_WORK INSTRUCTION_. Only the text should come through, so restate the listing exactly and drop its images.
(Beginning of GIVEN INFORMATION)
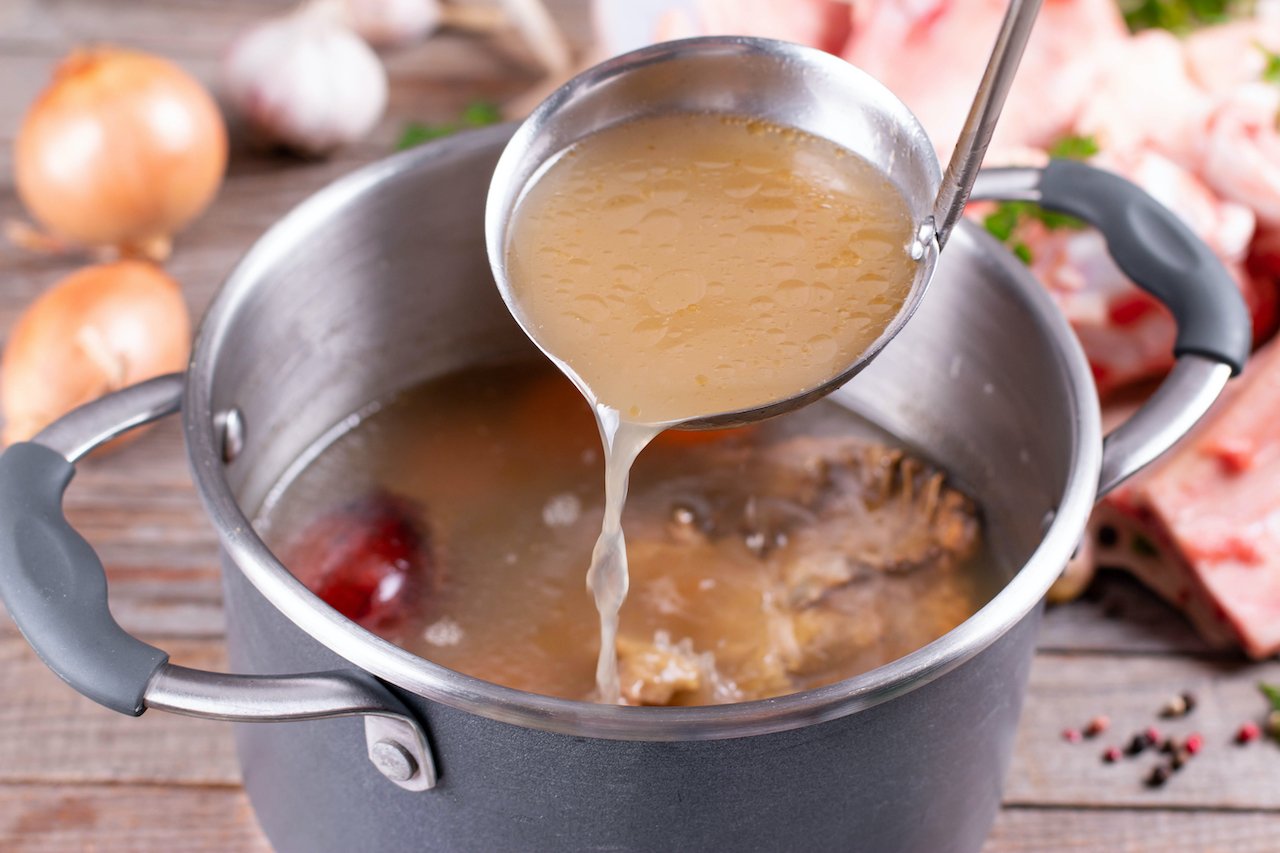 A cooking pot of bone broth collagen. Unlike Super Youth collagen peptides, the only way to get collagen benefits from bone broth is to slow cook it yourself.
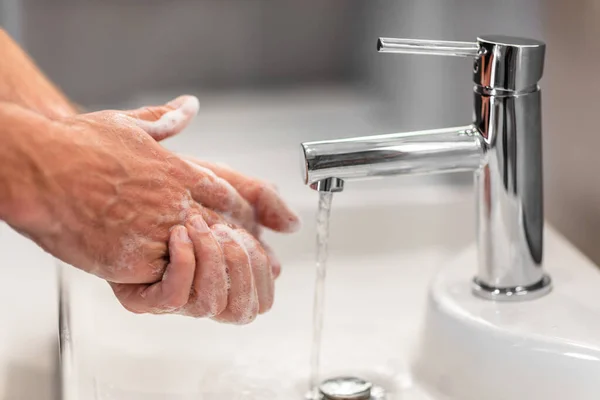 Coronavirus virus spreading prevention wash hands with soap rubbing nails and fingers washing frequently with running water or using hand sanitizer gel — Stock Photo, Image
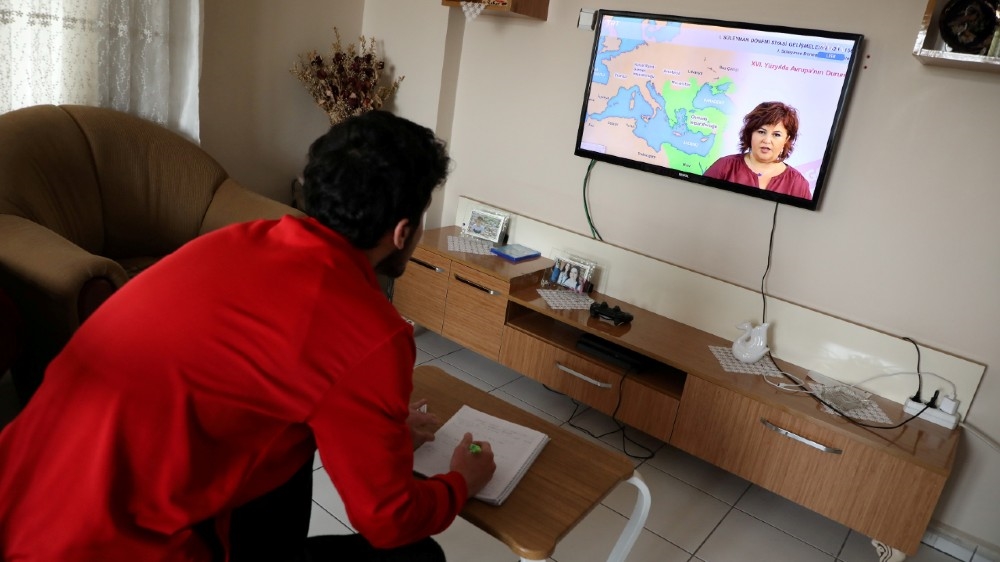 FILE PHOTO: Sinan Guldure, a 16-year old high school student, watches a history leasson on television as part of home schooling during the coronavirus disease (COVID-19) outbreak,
(End of GIVEN INFORMATION)
_TASK RESULT_.
 A cooking pot of bone broth collagen. Unlike Super Youth collagen peptides, the only way to get collagen benefits from bone broth is to slow cook it yourself.
 Coronavirus virus spreading prevention wash hands with soap rubbing nails and fingers washing frequently with running water or using hand sanitizer gel — Stock Photo, Image
 FILE PHOTO: Sinan Guldure, a 16-year old high school student, watches a history leasson on television as part of home schooling during the coronavirus disease (COVID-19) outbreak,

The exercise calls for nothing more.